Principais destinos das exportações 
A China lidera, sendo responsável por US$1,32 bilhão e representando 19,4% do total exportado pelo agronegócio paulista. No entanto, registrou uma queda de 7,0% em comparação com o mesmo período de 2023, devido à diminuição das compras de soja pelos chineses.

Em segundo lugar, temos a União Europeia, com US$762,26 milhões, correspondendo a 11,2% do total exportado e uma queda de 14,7% no período analisado.

Os Estados Unidos vêm em terceiro lugar, com US$750,49 milhões, representando 11,0% das exportações e registrando um aumento de 18,7%.

Participação nacional
No agronegócio, as exportações de São Paulo representaram 18,2% do total nacional, um aumento de 2,1 pontos percentuais em comparação com o mesmo período do ano anterior, enquanto as importações diminuíram em 1,1 ponto percentual, alcançando 29,5%.

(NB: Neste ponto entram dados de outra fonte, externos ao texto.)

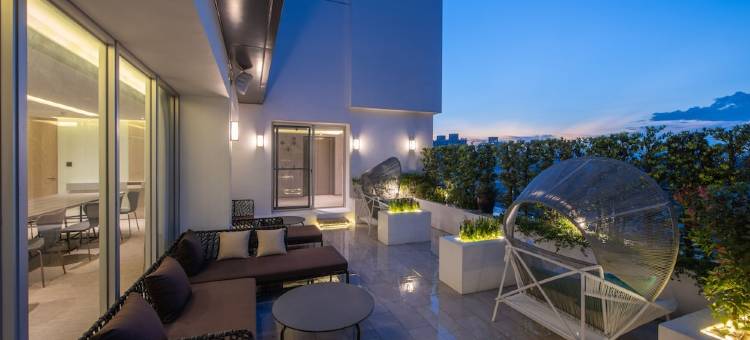 城市漫游行旅图片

Quando se trata dos principais estados exportadores, São Paulo lidera com 18,2% de participação, seguido por Mato Grosso (18,1%), Paraná (11,6%), Minas Gerais (9,2%) e Rio Grande do Sul (7,7%). Juntos, esses cinco estados respondem por 64,8% das exportações totais do agronegócio brasileiro no primeiro trimestre de 2024.

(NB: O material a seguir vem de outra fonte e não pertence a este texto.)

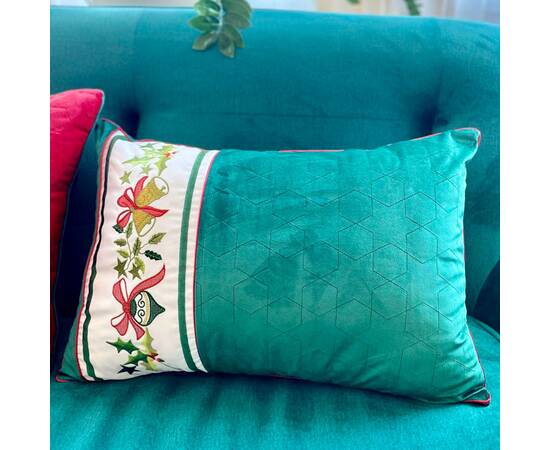 Наволочка новорічна оксамитова вишивана 40х60 LiMaSo (NOVN09)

A participação dos diferentes segmentos do agronegócio paulista na economia nacional durante os primeiros três meses de 2024 se destacou em certos grupos de produtos, nos quais a participação de São Paulo ultrapassa os 50% do total nacional. Estes grupos incluem sucos (85,3%), produtos alimentícios diversos (73,2%), outros produtos vegetais (64,6%) e o complexo sucroalcooleiro (53,9%).

Balança Comercial Brasil
Na análise setorial realizada no primeiro trimestre de 2024, as exportações do agronegócio brasileiro experimentaram aumento de 4,4 % em comparação com o mesmo período do ano anterior, atingindo US$37,44 bilhões, o que representa 47,8% do total nacional. Por outro lado, as importações cresceram 3,8% durante esse período, totalizando US$4,64 bilhões, correspondendo a 7,8% do total nacional.

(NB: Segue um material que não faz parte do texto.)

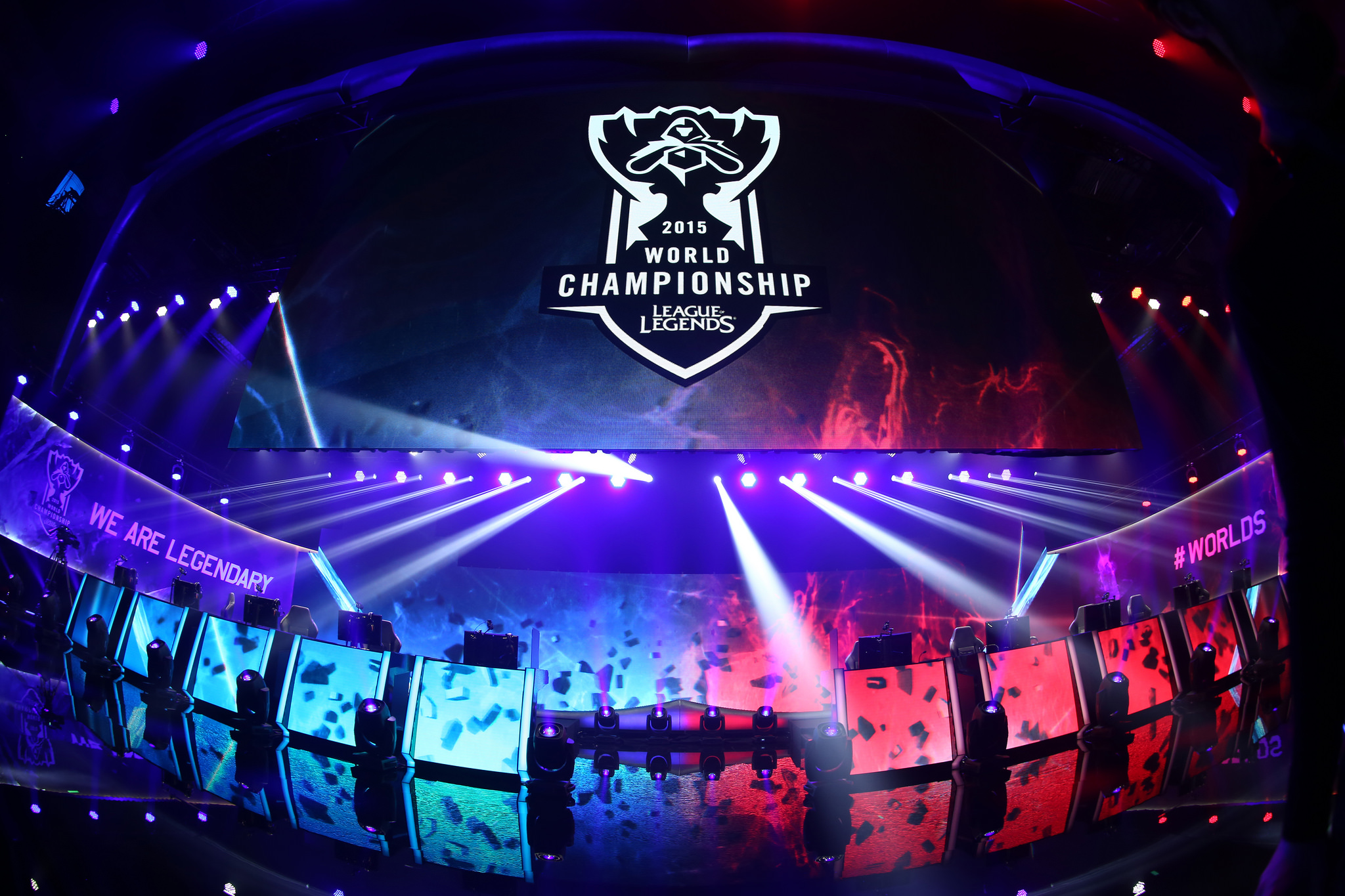 WBG官博晒照：今天也是投入认真训练的微博哥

O saldo da balança comercial dos agronegócios, até março de 2024, alcançou um superávit de US$32,80 bilhões, marcando um incremento de 4,5% em relação ao mesmo período de 2023.

Portanto, é relevante salientar que o desempenho positivo do agronegócio foi crucial para evitar um déficit no comércio exterior brasileiro, considerando que os outros setores totalizaram exportações de US$40,83 bilhões e importações de US$54,55 bilhões, resultando em um déficit de US$13,72 bilhões no primeiro trimestre de 2024.